What is the purpose of mobile applications?
Websites already provide a pretty good experience by advancements such as SPA, which is fast with smooth transitions between pages.
However, what problems do mobile apps solve? Why are they needed and are they needed really?
The only idea I came up with: speed. The apps are indeed faster and provide better user experience. However, the state of web development can provide almost the same experience.
Looks like OP has drank the koolaid of the JS bootcamps. Mobile apps can outshine an SPA, and then there are things that JS webapps can only dream of. Want to interface with a IoT device over BTLE? Sorry native’s the only way. Wanna do immersive AR experience in your app? Ditto, JS won’t cut it. How about writing an simple app while following a11y guidelines? Even for simple list based apps, native can run circles around JS apps while using less power, and conserving battery without breaking sweat.
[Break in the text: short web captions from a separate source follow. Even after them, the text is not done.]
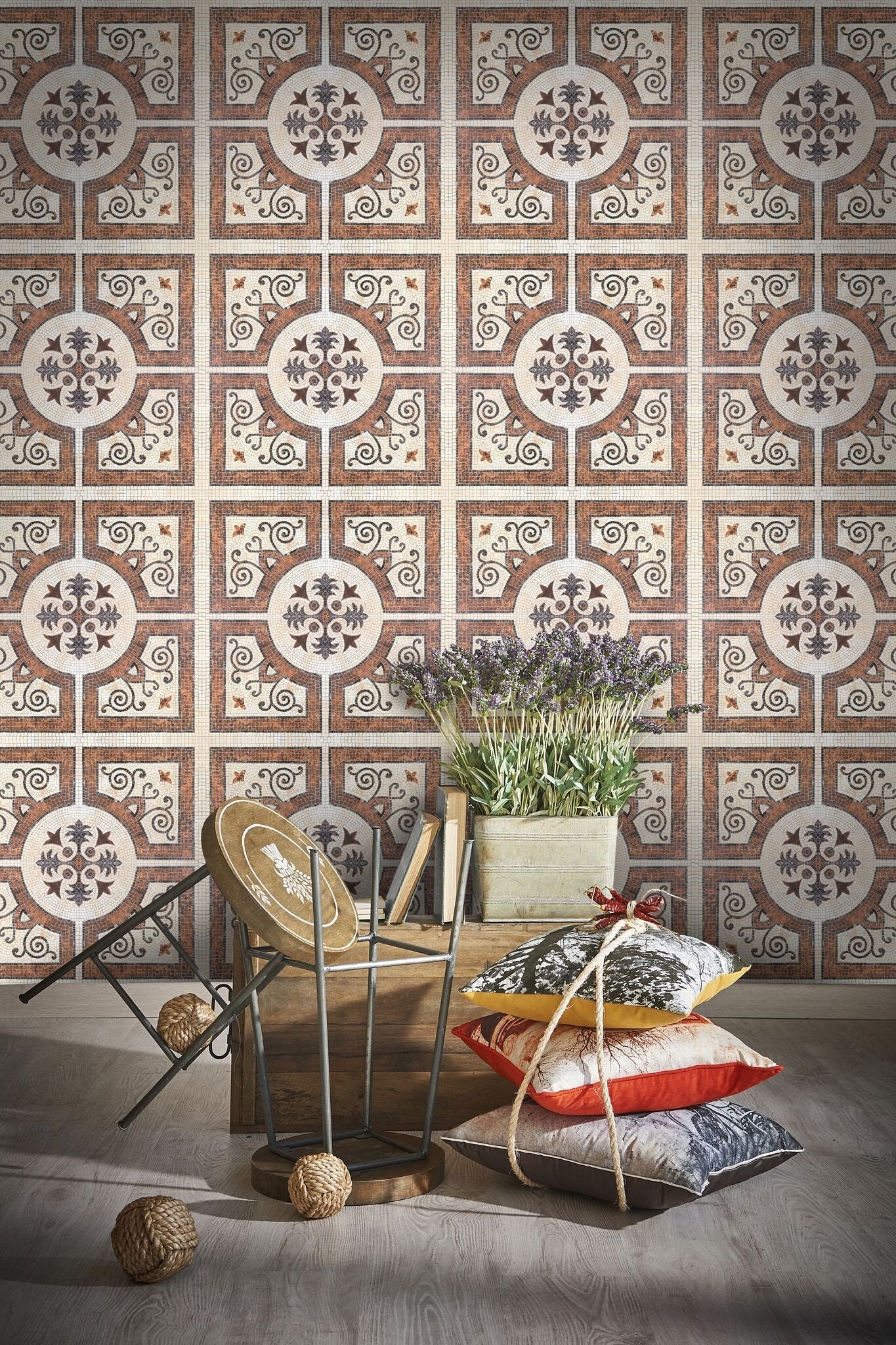 Byzantine Tile Wallpaper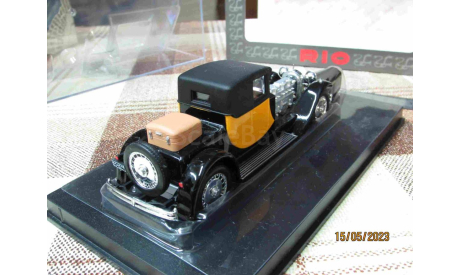 rio 4233 Rio 1/43 Bugatti 41 Royale Coupe Napoleon 1929 yellow/black, масштабная модель, scale43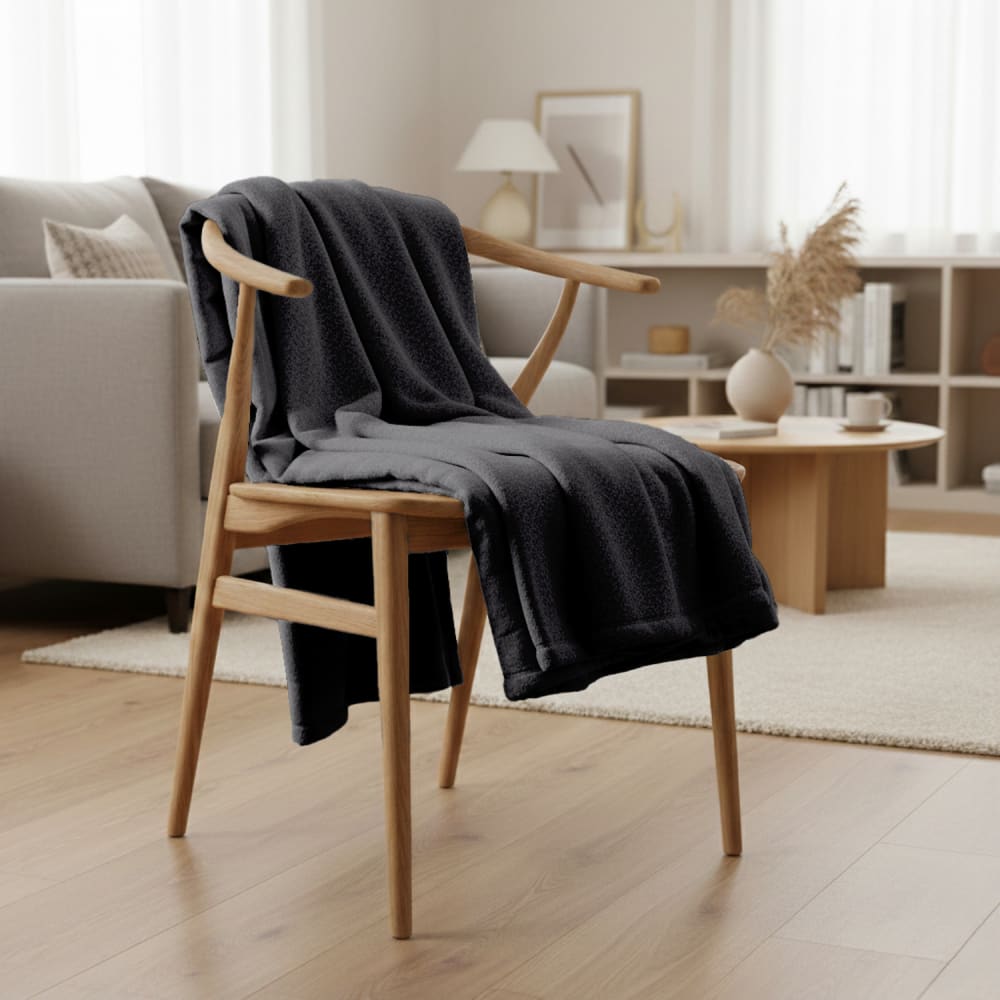 Couverture plaid 130x170 cm en polyester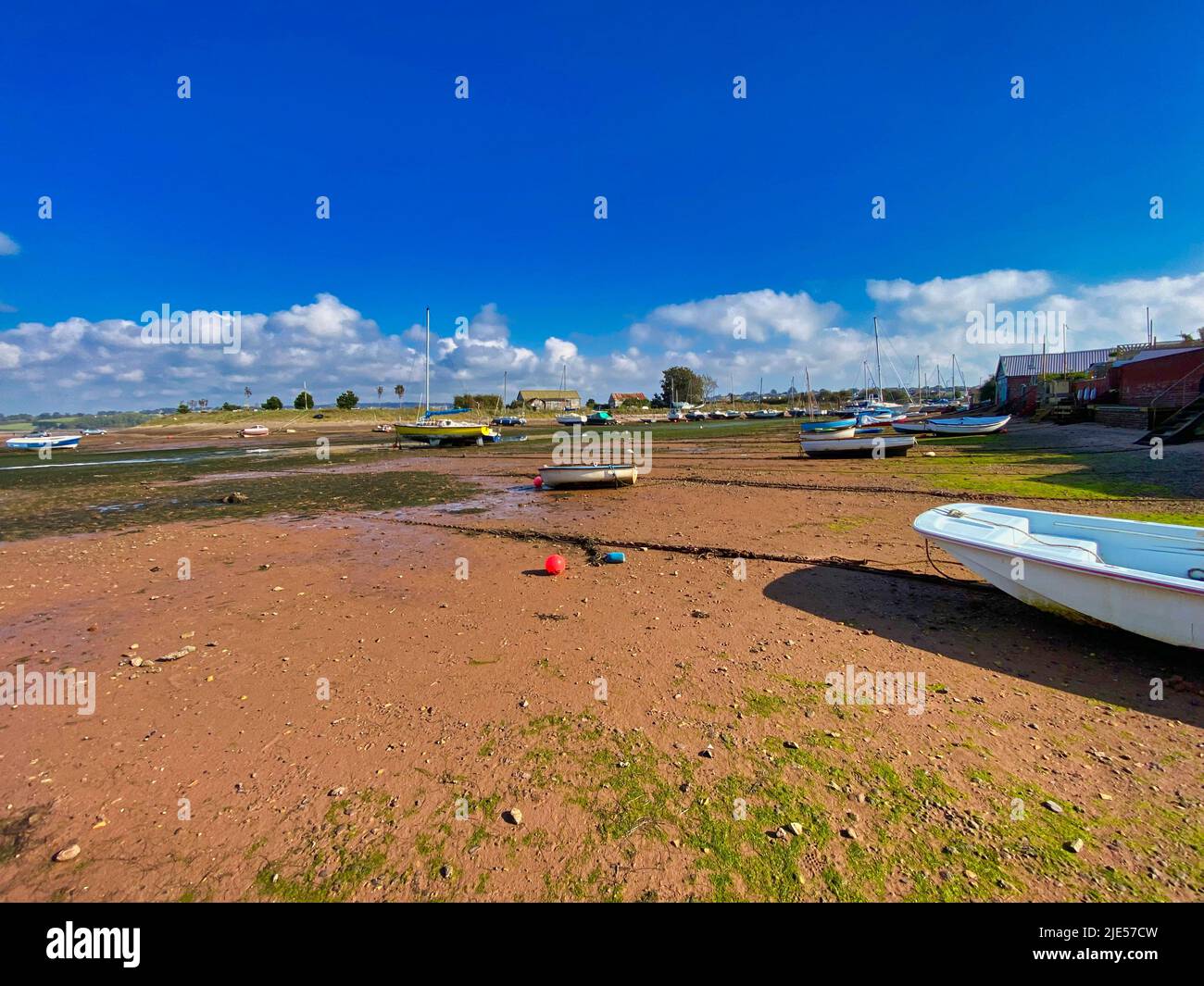 The Exe Estuary, Exmouth, Devon Stock Photo Alamy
Mobile phones are like a Tesla Model S, and you don’t want to tie it to a bullock and use it as a ox-cart.
Mobile apps can use native controls. When there is an ecosystem of apps that use the same controls, it enables users to do more, because they can bring their knowledge from one app to another.
For example, with iOS UISlider, you can make fine or coarse adjustments by moving your thumb perpendicular to the slider direction. This works across all native apps. Users who learn about this feature become more capable in every native app.
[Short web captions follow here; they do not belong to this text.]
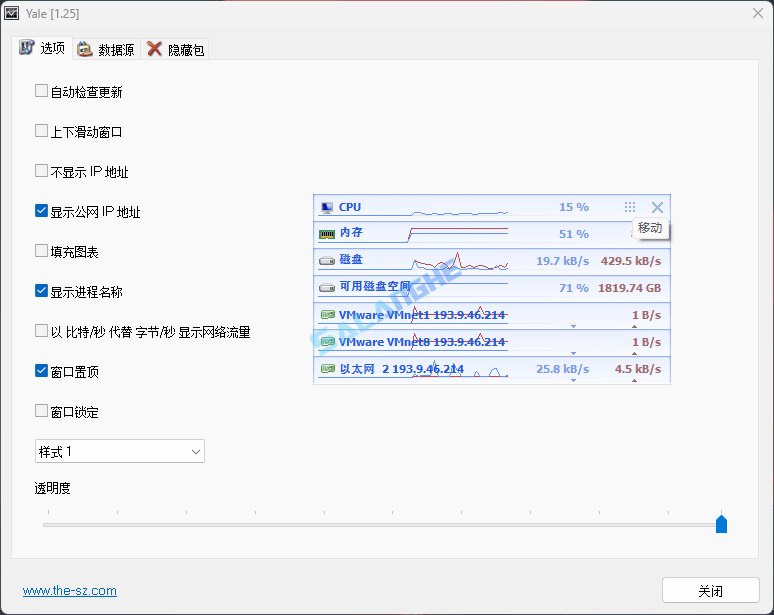 Yale (网络实时流量查看工具) v1.25 汉化绿色版
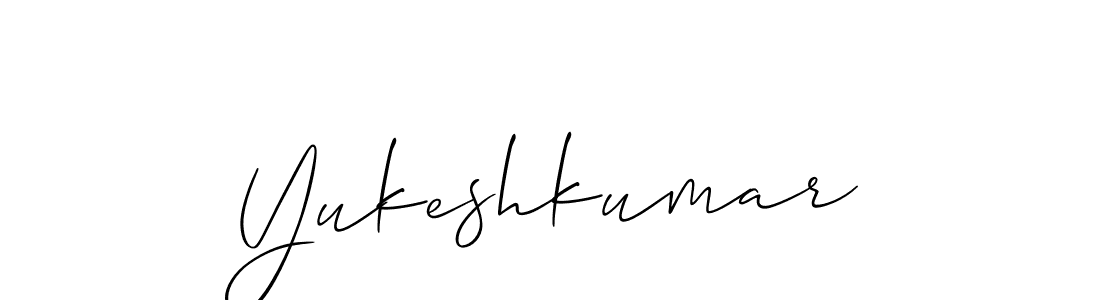 You should practise on your own different ways (Allison_Script) to write your name (Yukeshkumar) in signature. don't let someone else do it for you. Yukeshkumar signature style 2 images and pictures png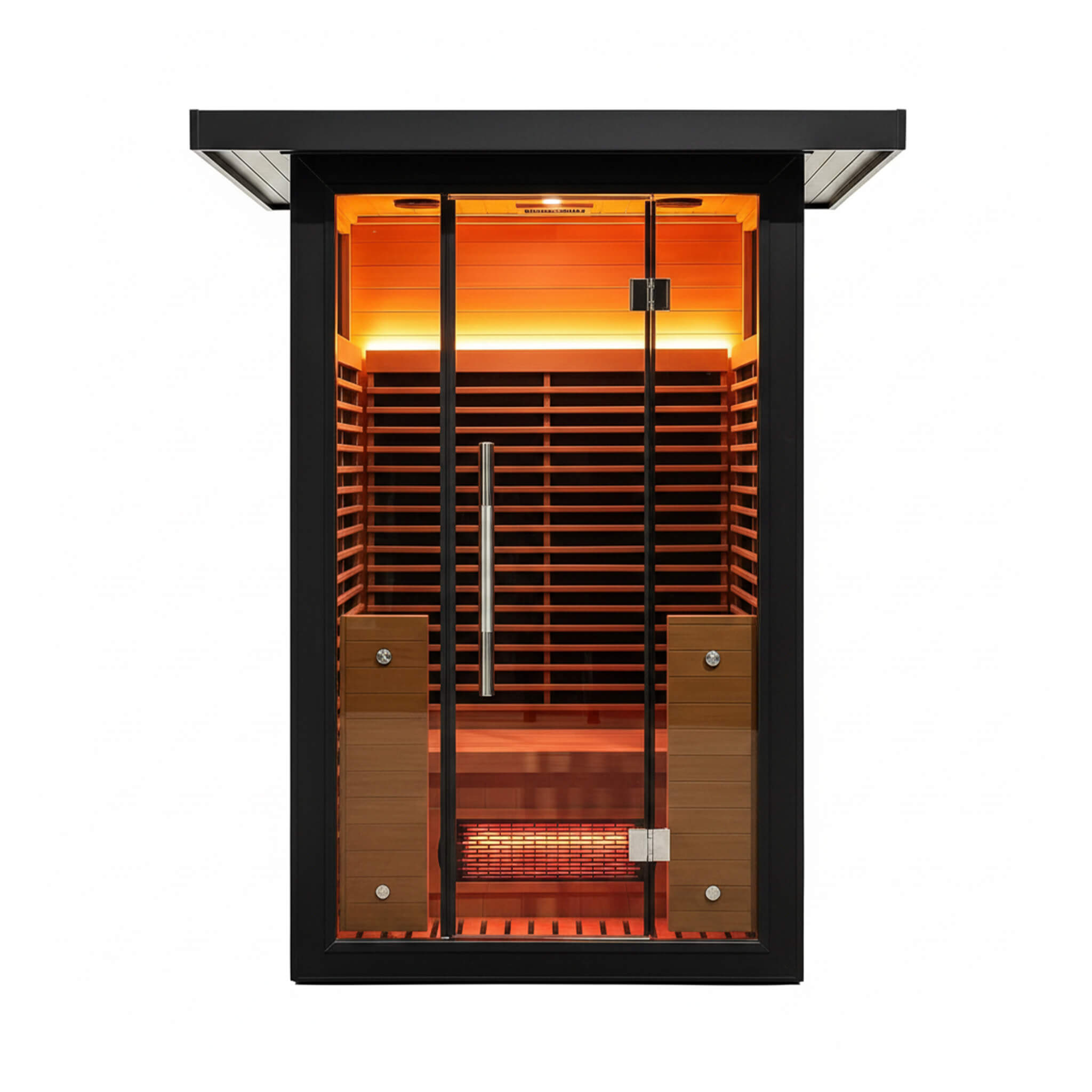 Thermora Lugano 2-Person Outdoor Full-Spectrum Infrared Sauna With Aluminum Alloy Exterior & WiFi (SAK14973) – SAKSBY WHOLESA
There's no mechanism to create this sort of shared knowledge on the web. The web developer culture emphasizes customization, and so no two web apps work consistently.
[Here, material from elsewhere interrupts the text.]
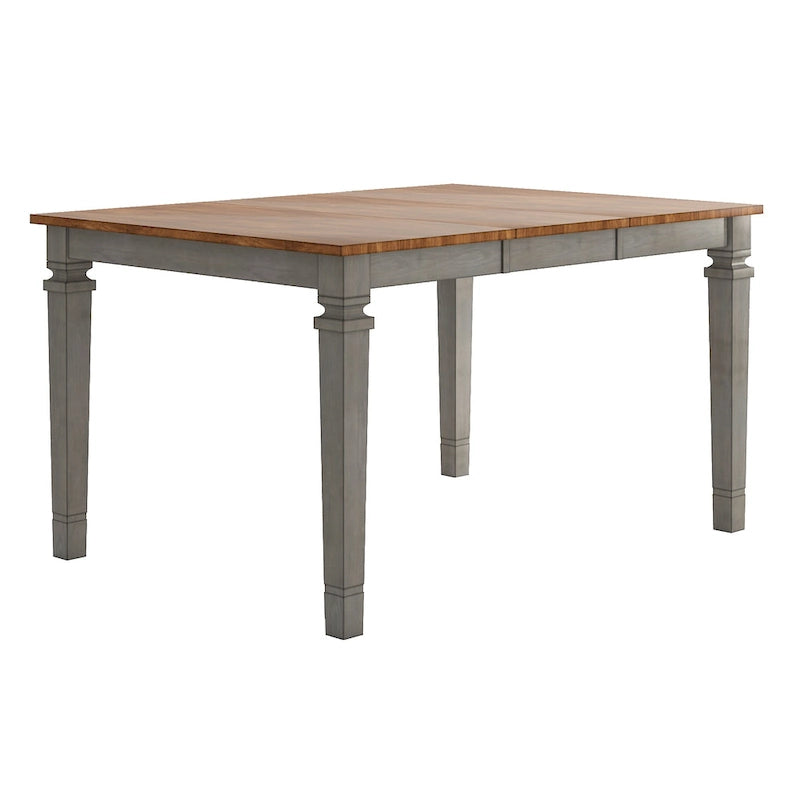 Table de salle à manger en bois hauteur comptoir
I also prefer mobile web apps in general (as did Steve Jobs originally: https://www.google.com/amp/s/9to5mac.com/2011/10/21/jobs-ori...) that said it's often much easier to create an app with good, consistent UX with the help of UIKit for example. I'm mostly doing backend work these days but whatever happened to "progressive web apps" by the way? Is the (react?) ecosystem still too fractured? Is it just too hard or is it everywhere and I just don't know about it? ;D
For distributor of the app (app stores) - they can take a percentage of sales if the app is monetized.
For users of the app - As you mentioned, speed is an important factor. But we can also trust that the distributor has reviewed the app and confirmed that it's safe to use (theoretically at least).
One more point I would add - app stores provide a singular place for me to search, compare, and discover new apps that might be valuable to me.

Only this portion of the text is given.